(Input for this task)

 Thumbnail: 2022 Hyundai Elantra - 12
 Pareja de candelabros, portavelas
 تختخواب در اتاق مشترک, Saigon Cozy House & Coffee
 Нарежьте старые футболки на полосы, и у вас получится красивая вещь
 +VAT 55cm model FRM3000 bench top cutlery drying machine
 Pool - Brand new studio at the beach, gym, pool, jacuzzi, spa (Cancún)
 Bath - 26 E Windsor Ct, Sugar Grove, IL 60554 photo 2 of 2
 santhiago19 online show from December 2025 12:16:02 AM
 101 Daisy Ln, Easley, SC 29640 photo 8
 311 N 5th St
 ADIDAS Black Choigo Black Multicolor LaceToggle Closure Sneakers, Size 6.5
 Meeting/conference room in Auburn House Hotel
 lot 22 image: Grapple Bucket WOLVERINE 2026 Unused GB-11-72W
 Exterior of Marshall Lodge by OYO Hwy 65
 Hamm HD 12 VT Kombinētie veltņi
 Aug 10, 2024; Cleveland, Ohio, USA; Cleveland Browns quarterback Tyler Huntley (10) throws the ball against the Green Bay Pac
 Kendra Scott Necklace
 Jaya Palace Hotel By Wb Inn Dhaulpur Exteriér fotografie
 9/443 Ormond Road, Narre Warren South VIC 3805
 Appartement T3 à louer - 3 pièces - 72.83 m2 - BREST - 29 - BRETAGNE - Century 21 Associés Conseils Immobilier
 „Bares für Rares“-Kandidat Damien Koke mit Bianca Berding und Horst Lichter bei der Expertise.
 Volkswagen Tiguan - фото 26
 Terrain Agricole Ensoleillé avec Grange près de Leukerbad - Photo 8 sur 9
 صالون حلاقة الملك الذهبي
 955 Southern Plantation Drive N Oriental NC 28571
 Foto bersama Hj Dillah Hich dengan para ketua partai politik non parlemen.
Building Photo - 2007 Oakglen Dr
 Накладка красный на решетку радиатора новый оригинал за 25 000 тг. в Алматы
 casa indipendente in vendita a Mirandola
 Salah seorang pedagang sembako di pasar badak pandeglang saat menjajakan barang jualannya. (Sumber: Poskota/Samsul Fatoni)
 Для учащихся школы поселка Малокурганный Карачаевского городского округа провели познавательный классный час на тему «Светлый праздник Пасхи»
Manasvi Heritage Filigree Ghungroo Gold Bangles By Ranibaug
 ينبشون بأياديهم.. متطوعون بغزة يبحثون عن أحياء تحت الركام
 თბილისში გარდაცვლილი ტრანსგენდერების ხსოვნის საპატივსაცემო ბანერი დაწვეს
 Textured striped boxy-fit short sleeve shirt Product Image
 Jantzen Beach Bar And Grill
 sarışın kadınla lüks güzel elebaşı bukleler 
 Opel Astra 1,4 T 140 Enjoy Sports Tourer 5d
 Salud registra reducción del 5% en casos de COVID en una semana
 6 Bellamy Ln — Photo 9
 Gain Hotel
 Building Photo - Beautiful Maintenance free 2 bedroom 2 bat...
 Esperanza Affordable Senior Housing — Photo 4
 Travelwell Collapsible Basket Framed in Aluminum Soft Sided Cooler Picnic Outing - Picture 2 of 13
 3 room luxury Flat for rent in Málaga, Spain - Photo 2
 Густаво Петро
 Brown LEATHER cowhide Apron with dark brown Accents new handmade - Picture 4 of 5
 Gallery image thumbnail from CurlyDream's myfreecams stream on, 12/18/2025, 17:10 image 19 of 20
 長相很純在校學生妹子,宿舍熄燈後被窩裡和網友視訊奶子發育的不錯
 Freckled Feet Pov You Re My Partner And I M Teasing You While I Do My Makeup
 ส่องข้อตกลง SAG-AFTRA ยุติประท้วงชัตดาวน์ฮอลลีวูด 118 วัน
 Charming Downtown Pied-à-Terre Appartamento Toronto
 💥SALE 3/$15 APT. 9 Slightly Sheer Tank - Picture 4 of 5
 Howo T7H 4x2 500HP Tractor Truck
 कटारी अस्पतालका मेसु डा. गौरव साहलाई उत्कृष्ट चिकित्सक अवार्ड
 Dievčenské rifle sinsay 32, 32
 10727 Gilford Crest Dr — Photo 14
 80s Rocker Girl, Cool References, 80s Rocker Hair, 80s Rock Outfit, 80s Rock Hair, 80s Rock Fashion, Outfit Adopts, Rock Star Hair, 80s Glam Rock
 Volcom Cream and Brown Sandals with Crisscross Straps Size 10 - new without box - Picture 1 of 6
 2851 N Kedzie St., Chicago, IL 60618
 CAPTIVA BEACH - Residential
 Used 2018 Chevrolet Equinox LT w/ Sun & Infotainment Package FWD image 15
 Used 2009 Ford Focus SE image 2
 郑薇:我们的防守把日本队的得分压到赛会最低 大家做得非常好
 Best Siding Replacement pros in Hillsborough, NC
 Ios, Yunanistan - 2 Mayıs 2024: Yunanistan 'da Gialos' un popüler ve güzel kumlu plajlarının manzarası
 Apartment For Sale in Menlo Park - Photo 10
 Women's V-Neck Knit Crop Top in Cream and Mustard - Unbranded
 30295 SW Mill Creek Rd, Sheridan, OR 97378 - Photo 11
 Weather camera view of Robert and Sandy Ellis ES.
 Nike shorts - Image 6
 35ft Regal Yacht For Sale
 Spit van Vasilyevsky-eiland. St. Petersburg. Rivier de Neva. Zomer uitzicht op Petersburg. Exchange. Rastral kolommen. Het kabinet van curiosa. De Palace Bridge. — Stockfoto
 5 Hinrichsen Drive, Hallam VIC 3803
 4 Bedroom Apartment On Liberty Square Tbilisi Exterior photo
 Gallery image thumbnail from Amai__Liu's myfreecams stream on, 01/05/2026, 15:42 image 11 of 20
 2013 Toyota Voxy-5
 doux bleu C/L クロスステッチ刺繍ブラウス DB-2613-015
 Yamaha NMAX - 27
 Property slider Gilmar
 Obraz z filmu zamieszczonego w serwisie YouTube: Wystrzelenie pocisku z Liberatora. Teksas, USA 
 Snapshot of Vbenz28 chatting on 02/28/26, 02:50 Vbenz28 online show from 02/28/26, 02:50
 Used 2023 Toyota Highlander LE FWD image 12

(End Input for this task)

◆ Task requirements ◆
Select the lines from the entries that include the word "Exterior".

◆ The completed task ◆
 Exterior of Marshall Lodge by OYO Hwy 65
 4 Bedroom Apartment On Liberty Square Tbilisi Exterior photo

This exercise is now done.